Thanks a lot for working this out, Miklos.
(I don't see any explanation here for the madvise fuzzing page_mapped bug,
but that's not your fault! I'll have to do my own thinking on that one.)
> >
> > The problem is: unmap_mapping_range() is not prepared for more than
> > one concurrent invocation per inode. For example:
Yes, I knowingly built that assumption into it 6 years ago.
> >
> > thread1: going through a big range, stops in the middle of a vma and
> > stores the restart address in vm_truncate_count.
> >
> > thread2: comes in with a small (e.g. single page) unmap request on
> > the same vma, somewhere before restart_address, finds that the
>
> "restart_addr", please.
>
> > vma was already unmapped up to the restart address and happily
> > returns without doing anything.
> >
> > Another scenario would be two big unmap requests, both having to
> > restart the unmapping and each one setting vm_truncate_count to its
> > own value. This could go on forever without any of them being able to
> > finish.
> >
> > Truncate and hole punching already serialize with i_mutex. Other
> > callers of unmap_mapping_range() do not, however, and I see difficulty
> > with doing it in the callers. I think the proper solution is to add
> > serialization to unmap_mapping_range() itself.
> >
> > Attached patch attempts to do this without adding more fields to
> > struct address_space. It fixes the bug in my testing.
> >
>
> That's a pretty old bug, isn't it? 5+ years.

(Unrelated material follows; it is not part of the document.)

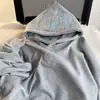 Sudadera con capucha de hip-hop de moda para hombres y mujeres, primavera y otoño, con un diseño elegante, corte holgado informal, bordada, sudadera versátil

Did you work out how it came about? About 2.6.10, I was observing that
unmap_mapping_range() is always called with i_mutex (and usually also
i_alloc_sem) held; whereas around the same time you were adding calls to
unmap_mapping_range() into invalidate_inode_pages2(), which has a much
looser definition than truncation, and does not (necessarily) have
i_mutex held. We raced.
One fix might be to take i_mutex in invalidate_inode_pages2(); but
I suspect a thorough search would show some calls do already hold it.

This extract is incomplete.